I have an issue with making new friends in an environment where the people I am meeting or co-working with have already made clear groups of friends or 'cliques'. I'm not particularly shy and I am comfortable talking to people I've just met. Furthermore, I'm not bashing cliques, I just wish I could be included.
I'm now at the stage of uni where I have only a couple of close friends from my flat, and, having been here for around 4 months now, am finding it very difficult to meet new people on my course after leaving it for so long.
The problem stems from a complete inability to offer anything to a group or individual who is part of such a group when I am a complete outsider. What do I have to offer to these strangers that they don't have in their friends groups? Small talk? No one gives a **** about that rubbishy conversation, they would rather talk and banter with their friends and ignore me. I find it very difficult to maintain the interest of someone I've just met/sat down with to the point where we can actually talk about something interesting.
What the hell can I do to meet individuals who are already tied into their friends groups? Note that this relates specifically to my course rather than meeting people in general. I already have made friends from my accomodation block but I spend most time in lessons on my own. I do not fancy the prospect of spending the next 3 years on my course as a friendless outsider.

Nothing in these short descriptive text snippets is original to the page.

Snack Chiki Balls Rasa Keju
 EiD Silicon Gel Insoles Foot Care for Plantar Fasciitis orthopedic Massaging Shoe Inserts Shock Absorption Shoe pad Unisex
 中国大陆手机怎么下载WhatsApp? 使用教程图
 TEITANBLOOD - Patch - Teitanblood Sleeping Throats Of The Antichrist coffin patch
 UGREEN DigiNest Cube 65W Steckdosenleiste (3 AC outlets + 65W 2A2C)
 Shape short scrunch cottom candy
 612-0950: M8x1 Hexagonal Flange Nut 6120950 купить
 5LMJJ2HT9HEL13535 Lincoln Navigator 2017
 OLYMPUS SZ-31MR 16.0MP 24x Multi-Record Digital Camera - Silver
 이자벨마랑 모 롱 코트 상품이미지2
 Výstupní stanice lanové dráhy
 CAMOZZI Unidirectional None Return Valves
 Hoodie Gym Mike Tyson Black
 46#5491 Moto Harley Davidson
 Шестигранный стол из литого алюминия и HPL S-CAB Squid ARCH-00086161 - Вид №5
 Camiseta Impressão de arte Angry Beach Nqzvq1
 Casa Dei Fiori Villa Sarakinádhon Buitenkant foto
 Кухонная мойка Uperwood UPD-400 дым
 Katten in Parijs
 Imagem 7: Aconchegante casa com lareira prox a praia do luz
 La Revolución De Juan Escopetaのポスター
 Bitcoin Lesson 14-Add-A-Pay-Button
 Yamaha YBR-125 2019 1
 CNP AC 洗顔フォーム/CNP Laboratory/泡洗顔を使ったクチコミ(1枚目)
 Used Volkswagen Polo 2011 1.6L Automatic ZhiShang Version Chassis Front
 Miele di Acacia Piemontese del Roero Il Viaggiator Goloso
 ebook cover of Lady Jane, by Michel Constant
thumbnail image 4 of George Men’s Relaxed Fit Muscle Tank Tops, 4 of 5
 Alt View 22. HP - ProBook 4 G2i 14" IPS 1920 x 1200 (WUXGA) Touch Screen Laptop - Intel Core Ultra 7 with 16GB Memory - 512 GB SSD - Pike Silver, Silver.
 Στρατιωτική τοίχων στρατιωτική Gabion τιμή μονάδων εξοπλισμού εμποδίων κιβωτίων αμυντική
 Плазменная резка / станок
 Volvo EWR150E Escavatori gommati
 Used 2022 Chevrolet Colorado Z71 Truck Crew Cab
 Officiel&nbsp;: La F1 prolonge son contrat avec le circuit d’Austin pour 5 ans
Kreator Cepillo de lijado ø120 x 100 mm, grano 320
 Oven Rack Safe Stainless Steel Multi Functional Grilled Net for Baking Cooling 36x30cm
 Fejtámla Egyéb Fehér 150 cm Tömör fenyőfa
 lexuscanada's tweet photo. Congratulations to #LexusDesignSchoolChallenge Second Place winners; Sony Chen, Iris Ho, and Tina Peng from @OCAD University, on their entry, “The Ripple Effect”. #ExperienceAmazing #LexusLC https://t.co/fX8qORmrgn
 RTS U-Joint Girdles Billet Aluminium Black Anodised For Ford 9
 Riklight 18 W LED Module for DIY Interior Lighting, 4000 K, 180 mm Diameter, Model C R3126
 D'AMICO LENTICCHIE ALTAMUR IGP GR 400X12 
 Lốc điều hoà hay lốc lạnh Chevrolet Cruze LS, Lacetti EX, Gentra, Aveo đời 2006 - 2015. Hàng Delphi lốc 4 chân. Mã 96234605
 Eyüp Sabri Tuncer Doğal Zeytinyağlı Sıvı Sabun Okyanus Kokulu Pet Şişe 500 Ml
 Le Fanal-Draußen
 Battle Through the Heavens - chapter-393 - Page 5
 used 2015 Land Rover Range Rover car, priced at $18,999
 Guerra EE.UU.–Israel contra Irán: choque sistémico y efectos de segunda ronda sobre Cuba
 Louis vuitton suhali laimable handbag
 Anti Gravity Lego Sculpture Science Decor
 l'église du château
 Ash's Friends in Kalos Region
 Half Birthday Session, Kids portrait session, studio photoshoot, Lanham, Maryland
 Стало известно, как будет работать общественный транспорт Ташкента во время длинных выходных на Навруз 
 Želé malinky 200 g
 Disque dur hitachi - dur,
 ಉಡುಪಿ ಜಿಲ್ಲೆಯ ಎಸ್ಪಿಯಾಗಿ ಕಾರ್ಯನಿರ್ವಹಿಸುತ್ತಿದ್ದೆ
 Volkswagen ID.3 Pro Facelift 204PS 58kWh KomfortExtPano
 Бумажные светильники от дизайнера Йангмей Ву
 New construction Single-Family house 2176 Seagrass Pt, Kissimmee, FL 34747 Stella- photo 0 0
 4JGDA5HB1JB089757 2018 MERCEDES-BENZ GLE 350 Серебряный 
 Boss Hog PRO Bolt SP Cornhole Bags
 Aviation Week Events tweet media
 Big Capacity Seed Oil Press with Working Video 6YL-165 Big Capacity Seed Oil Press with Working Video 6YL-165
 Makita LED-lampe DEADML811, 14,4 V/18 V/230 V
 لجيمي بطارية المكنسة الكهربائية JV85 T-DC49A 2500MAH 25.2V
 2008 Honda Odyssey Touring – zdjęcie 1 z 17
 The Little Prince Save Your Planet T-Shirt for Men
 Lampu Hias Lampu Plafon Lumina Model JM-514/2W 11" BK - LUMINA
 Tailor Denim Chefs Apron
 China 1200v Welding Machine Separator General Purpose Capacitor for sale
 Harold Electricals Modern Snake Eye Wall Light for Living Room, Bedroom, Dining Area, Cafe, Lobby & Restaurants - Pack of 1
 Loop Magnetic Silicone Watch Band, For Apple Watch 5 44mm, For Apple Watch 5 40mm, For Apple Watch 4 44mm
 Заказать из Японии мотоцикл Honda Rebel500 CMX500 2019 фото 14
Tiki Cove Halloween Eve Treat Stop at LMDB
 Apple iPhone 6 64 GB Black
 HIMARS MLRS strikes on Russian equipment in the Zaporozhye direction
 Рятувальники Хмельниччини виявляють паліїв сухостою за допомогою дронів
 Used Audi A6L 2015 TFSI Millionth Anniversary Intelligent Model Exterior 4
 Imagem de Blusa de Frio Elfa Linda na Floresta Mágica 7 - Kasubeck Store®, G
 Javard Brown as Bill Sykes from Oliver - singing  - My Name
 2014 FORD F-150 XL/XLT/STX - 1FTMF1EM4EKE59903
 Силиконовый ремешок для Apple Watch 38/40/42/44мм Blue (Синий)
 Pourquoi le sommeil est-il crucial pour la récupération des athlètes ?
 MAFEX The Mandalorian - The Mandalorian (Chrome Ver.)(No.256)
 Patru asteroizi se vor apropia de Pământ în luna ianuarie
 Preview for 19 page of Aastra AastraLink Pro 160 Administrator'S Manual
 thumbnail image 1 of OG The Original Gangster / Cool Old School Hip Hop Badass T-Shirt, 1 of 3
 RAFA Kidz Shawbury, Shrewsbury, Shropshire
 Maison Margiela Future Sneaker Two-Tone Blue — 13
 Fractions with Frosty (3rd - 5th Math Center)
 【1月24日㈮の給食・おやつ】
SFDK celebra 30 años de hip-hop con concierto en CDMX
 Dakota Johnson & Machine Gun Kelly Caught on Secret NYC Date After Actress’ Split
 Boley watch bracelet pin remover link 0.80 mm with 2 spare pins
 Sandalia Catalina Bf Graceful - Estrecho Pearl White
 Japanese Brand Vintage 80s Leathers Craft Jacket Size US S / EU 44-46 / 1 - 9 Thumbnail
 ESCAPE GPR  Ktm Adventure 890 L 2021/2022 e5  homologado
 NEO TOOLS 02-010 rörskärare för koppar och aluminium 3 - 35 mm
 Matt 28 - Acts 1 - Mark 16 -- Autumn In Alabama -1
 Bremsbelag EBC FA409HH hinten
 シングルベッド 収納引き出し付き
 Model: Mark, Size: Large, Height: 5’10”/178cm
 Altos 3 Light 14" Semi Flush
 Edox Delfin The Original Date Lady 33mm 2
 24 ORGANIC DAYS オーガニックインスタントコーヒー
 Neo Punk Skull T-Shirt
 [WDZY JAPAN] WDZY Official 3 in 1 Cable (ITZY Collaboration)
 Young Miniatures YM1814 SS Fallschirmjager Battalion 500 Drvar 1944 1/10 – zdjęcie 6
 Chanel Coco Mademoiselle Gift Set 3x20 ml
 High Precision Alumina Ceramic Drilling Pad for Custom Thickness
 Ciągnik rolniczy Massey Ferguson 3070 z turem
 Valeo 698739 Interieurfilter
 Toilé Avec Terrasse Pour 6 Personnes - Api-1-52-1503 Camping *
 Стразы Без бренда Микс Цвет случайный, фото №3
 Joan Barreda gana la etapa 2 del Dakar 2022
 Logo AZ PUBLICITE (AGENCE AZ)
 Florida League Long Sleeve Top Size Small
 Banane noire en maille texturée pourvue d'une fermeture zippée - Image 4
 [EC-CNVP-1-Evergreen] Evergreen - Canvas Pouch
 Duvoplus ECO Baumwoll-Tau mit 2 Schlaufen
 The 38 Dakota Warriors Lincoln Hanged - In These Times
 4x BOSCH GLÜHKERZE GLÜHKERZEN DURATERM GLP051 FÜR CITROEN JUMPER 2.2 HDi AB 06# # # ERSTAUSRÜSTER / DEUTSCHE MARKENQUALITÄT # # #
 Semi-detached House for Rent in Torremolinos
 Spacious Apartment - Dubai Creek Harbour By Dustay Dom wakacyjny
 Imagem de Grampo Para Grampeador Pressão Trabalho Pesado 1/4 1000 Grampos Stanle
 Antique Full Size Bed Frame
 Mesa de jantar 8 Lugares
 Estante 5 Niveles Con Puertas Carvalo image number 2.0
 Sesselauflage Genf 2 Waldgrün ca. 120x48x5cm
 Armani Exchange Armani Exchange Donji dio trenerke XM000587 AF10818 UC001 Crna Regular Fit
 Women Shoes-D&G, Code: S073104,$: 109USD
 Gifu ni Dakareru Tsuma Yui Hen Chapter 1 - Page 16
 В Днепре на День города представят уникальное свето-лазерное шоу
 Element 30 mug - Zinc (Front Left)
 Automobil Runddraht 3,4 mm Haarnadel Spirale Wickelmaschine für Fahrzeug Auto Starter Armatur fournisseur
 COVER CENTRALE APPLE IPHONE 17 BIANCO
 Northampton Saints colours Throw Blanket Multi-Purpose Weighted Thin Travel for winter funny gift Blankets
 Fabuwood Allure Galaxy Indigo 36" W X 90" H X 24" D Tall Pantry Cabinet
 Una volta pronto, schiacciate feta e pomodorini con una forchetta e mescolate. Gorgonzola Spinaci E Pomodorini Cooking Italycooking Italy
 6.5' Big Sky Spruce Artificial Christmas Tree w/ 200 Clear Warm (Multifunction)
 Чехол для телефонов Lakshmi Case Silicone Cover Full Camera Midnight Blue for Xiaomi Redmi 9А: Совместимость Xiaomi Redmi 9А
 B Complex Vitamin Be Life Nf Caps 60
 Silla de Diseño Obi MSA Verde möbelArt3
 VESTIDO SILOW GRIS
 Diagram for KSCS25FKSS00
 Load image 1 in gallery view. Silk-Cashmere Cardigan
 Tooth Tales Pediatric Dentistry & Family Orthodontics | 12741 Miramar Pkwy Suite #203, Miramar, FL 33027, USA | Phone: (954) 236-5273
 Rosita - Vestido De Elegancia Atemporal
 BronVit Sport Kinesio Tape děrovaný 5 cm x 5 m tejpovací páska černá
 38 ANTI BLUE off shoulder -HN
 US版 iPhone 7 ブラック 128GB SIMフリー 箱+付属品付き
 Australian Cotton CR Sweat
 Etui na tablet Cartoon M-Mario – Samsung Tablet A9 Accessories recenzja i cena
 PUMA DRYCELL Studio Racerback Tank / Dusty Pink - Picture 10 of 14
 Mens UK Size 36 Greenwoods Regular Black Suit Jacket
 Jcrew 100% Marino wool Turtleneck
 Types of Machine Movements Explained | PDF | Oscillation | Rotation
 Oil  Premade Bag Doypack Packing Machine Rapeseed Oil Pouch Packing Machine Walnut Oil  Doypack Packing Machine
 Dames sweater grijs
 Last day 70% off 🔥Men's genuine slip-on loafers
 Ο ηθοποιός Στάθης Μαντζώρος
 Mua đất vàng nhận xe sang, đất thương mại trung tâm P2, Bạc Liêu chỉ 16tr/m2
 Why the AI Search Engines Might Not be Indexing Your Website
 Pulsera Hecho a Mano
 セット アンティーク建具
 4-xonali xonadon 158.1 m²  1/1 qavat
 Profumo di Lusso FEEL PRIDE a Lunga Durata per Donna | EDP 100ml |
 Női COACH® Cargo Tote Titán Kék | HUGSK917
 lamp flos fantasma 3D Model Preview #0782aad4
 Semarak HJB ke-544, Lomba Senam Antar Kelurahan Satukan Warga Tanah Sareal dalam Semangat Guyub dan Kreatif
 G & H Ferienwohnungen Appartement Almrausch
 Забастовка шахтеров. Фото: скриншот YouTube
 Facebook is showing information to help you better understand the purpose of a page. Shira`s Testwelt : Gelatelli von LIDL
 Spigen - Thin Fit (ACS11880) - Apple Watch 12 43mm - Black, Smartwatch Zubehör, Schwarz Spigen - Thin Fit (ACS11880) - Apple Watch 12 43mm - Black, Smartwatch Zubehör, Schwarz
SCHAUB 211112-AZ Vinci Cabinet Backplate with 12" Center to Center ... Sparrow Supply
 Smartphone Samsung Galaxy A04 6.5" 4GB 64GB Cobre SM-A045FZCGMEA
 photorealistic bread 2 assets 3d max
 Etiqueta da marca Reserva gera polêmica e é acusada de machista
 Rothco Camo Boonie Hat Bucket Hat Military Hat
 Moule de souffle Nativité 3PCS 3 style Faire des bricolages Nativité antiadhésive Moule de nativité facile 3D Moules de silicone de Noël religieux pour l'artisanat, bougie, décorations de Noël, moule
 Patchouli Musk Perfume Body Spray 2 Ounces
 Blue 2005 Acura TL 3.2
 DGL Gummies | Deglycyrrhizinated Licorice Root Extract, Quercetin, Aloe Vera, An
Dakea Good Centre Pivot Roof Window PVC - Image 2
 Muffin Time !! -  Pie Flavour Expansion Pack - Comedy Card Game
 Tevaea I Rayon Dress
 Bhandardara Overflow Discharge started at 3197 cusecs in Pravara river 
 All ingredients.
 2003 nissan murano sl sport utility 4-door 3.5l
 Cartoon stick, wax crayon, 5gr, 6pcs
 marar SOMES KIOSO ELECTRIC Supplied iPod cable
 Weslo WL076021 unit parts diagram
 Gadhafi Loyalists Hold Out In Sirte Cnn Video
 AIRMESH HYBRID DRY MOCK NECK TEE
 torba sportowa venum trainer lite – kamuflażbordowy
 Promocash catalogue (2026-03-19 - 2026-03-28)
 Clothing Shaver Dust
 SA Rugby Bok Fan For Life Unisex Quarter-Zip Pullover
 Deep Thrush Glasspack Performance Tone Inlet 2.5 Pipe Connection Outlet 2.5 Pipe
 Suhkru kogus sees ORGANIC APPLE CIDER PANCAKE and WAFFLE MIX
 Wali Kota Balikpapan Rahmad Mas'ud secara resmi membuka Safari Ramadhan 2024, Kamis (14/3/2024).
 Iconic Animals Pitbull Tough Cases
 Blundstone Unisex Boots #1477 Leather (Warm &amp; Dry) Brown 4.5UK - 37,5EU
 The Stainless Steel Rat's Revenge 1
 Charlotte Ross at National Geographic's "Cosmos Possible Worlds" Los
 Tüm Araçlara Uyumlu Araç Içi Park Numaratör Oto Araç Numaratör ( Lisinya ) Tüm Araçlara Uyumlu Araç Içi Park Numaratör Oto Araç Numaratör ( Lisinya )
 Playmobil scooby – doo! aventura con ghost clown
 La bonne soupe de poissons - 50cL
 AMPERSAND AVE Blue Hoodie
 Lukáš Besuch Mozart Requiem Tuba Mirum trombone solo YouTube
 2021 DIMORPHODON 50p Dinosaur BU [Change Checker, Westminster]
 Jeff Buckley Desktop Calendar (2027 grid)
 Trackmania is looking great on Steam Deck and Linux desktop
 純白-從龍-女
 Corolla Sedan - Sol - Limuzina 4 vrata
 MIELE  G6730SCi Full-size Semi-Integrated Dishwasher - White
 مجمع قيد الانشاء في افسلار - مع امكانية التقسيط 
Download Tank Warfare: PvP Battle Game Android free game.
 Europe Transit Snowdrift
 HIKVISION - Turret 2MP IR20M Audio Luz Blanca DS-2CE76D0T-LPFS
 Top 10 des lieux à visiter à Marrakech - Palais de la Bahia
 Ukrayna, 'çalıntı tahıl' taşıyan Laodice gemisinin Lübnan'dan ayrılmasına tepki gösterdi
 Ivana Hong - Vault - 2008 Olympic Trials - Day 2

Breaking into a clique? Watch
- 22-01-2010 02:47
- 23-01-2010 16:09
Bump. Anyone? Any thoughts?
- 23-01-2010 16:28
I've kind of managed to do this. I didn't really make many friend s in my accommodation but I was lucky enough to become close to a girl on my course, and one night she invited me out with her and her friends. i said yes even though i didn't know any of her friends, but we had a really good (read: drunk) night out and since then they've kind of accepted me as part of the group despite the fact that they all live in the same halls. even though i can't just hang out in their rooms every day i'm always included in nights out and stuff.
- 23-01-2010 16:31
this happened when I transferred high schools. I arrived at my new school and quickly figured out the established groups. I started joining these two girls for lunch, never quite joining in their conversation and eventually they were inviting me to join them of their own accord and today, one of those two girls remains my best friend. It took me about two or three months before I could get into any of the groups or even be accepted as part of the year group ... and I didn't really have anything to offer either. I think consistently hanging out with people, even when you don't know them well enough yet, is a good way to get your foot in the door.
Worked for me at least. I mean, I found my best friend.
- 23-01-2010 16:32
Become one of them
- 23-01-2010 17:08
scout out someone with a common interest and get them to notice you have it too, i.e football, art, metallica, french, cars, scuba diving something like that be friend them be cool and they will most likley as long as u assert higher value introduce you
- 23-01-2010 22:26
Thanks I guess really it's just a matter of dropping my pride and being ready to sit and listen as an outsider for a while before i can grab the attention of someone I want to get to know.